Clover [59] was used to determine if defined TFBSs were statistically over-represented in the stem cell lists. We searched for PWMs for KLF-A, KLF4 [54], octamer, extended octamer, nanog, and Oct-Sox binary sites as well as negative control sites (gata-1 and E-box) in sequences 2 kb upstream of the TSSs of stem cell genes (Table 1), versus 2 kb of sequences upstream of the entire murine transcriptome (See Additional file 7 for details of PWMs). There was significant over-representation of KLF-A TFBS within the first 2 kb of promoter sequences from the stem list gene list (p value of < 0.01) (Figure 7A), as well as over-representation of octamer sites and extended Oct4-binding sites as defined from ChIP-PET data [60]. No statistically significant over-representation of KLF4 [54], NANOG, GATA1 or E-box TFBSs were identified. All genes in the rapidly down regulated gene list have at least one KLF-A type CACC site, or octamer or Oct4 [60] TFBS. A full list of the promoters with highlighted sites is available on request. Together, this data strongly suggests direct transcriptional regulation of many stem cell genes by KLFs.

Figure 7
figure 7

KLF and octamer binding sites are highly enriched in stem cell gene promoters. (A) A Clover analysis was used to identify over-represented transcription factor binding sites within the promoter sequences of all stem cell genes identified in Table 1. Representative gene promoters are shown, indicating KLF-A binding sites (pink), octamer sites (ATGCWAAT) (green) and extended Oct4 binding sites (Oct4-Loh)(cyan) [60]. (B) Clover output for 2 kb of promoter sequence of murine Zfp42/Rex1. The positions and sequences corresponding to PWMs for KLF-A, octamer and Oct4 occupancy sites are indicated in the table and colour coded in the sequence. The positions are relative to the transcriptional start site. (C) ECR Browser output of conserved sequence identity between mouse and rat in the promoter and part of the first intron of the Zfp42 gene. The blue arrows indicate the direction of transcription. Yellow indicates the extent of the first (non-coding) exon, pink indicates regions of sequence conservation in the first intron and red indicates regions of sequence conservation in the 5' upstream region. rVISTA was used to find all of the KLF-A and octamer sites in the murine gene (Murine only) and conserved sites between mouse and rat (Conserved mouse, rat).

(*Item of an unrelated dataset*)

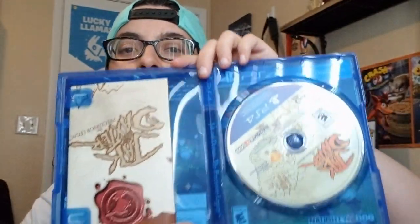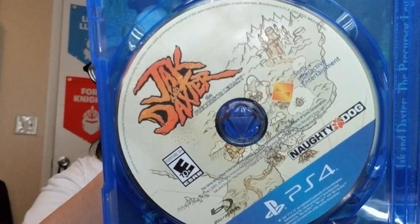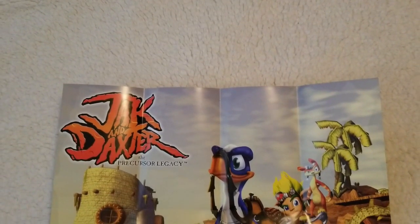Ooh, nice. So let's see, we got the game disc. I'm going to show you that up close. We have what looks like a map. Yeah, okay.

The Zfp42/Rex1 gene promoter is presented as an example of output from the Clover program (Figure 7B). It contains five KLF-A, one octamer and three OCT4 TFBS. The two CACC box elements within the first 250 base pairs of the TSS represent classical extended KLF-binding sites [42, 61]. These regions are the same as previously reported [62] although their functional importance has not been determined. Interestingly, two of the three KLF-A TFBS were evolutionarily conserved between the mouse and rat gene promoters (Figure 7C). Also, two further conserved CACC sites at -1.4 and -1.5 kb were identified within 500 bp of extended evolutionary conservation (>70% identity) (Figure 7C). This might act as a KLF dependent enhancer. Most of the stem cell genes in list 1 have conserved CACC box elements in their promoters [6366]. In some cases these have been reported to bind the ubiquitous SP1, but our Clover analysis suggests they are also likely to bind KLFs (see Discussion).

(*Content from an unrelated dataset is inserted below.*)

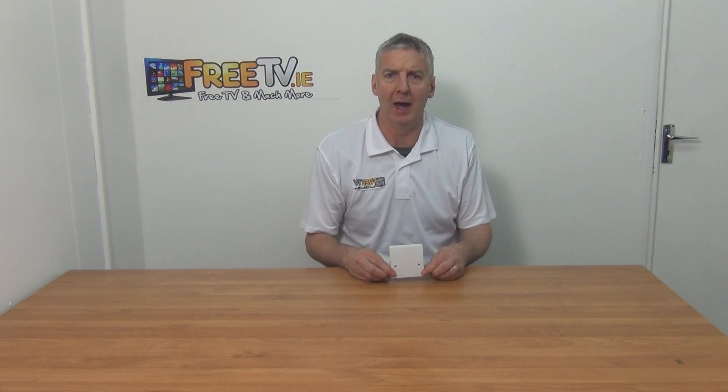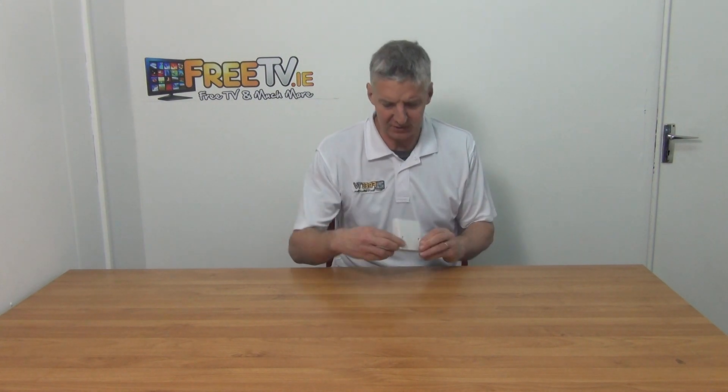I have in my hand a 4-5 amp cooker outlet plate. It's available with low cost small parcel delivery from freetv.ie. Looking at the front here, you can see the two screws mounted in it. It's normally bagged up with a little barcode on the back, but we've dispensed with that just for the purpose of the video.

Expression profiling of murine ES cell differentiation was undertaken over a 16-day time course. We compared gene expression in methylcellulose cultures containing serum versus chemically defined media containing LIF (1 U/ml) and low concentrations of BMP4 (2 ng/ml) [67]. The Illumina® Sentrix Mouse 6 bead array provided a sensitive and detailed platform for analysis of dynamic gene expression. Using various data mining approaches, lists of stem cell-enriched genes and genes that are induced during the in vitro equivalent of epiblast and primitive streak stages of differentiation were generated. In combination with other ES cell profiling studies [7], our detailed expression data provides a useful resource for future reverse genetic approaches (i.e. siRNA knockdown) to study the function of these genes during ES cell differentiation and in vivo development. We also found a number of previously uncharacterized cDNAs (RIKEN clones) which could play important roles during development.

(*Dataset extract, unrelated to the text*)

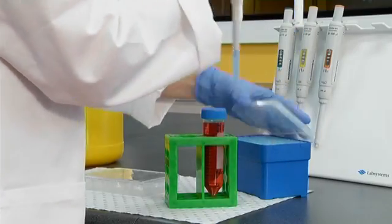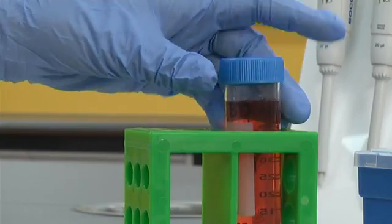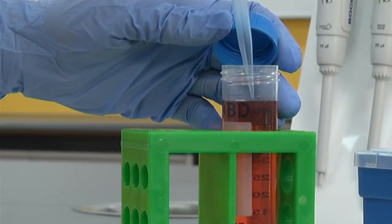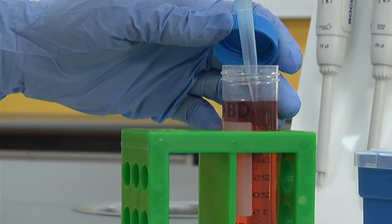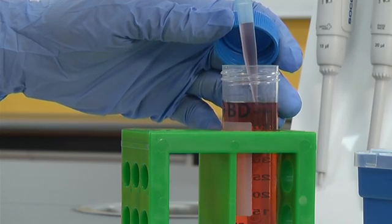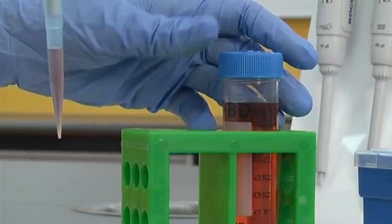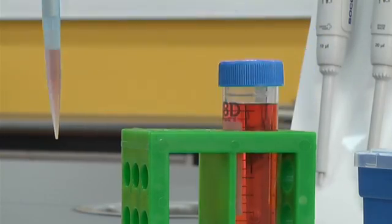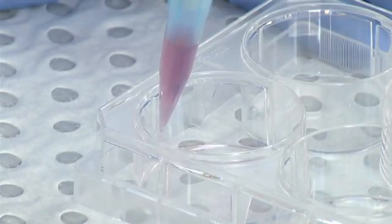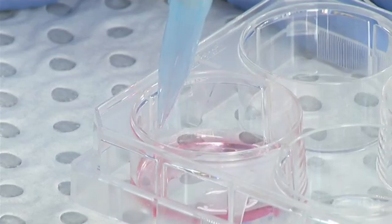Before placing the tip into the solution, depress the plunger down to the first stop. Place the tip into the solution — ideally the tip should be just below the surface of the solution. Slowly release the pressure on the plunger to draw the solution into the tip. Now the tip should hold a volume of liquid equal to the volume set on the pipette. Dispense the liquid by placing the tip into the receiving vessel and depressing the plunger down past the first stop and all the way down to the second stop to expel all the liquid from the tip.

Importantly, the loss of pluripotency, measured by Oct4 gene expression, was comparable between serum and serum-freeB4L EB culture, following a predicted decrease over the first 6 days. Surprisingly, Oct4 gene expression gradually increased following day 6, an observation independent of the cell lines used (data not shown). It remains undetermined if expansion of Oct4 positive ES cells persists as undifferentiated populations within our EB culture system. Previous studies have identified the development of Oct4 positive primordial germ cells (PGC) following 12 days of ES cell differentiation [6870], suggesting the Oct4 profile may alternatively represent the expansion of non-ES cell populations. Although the expansion of some undifferentiated ES cells is possible, the array profile does not suggest global persistence or up-regulation of ES gene expression late in the EB program. Also, markers of mesoderm induction such as brachyury and Mixl, do not show persistent up-regulation following peak expression at day 4, suggesting EBs are unlikely to harbour cells which are delayed or arrested from entering the differentiation program.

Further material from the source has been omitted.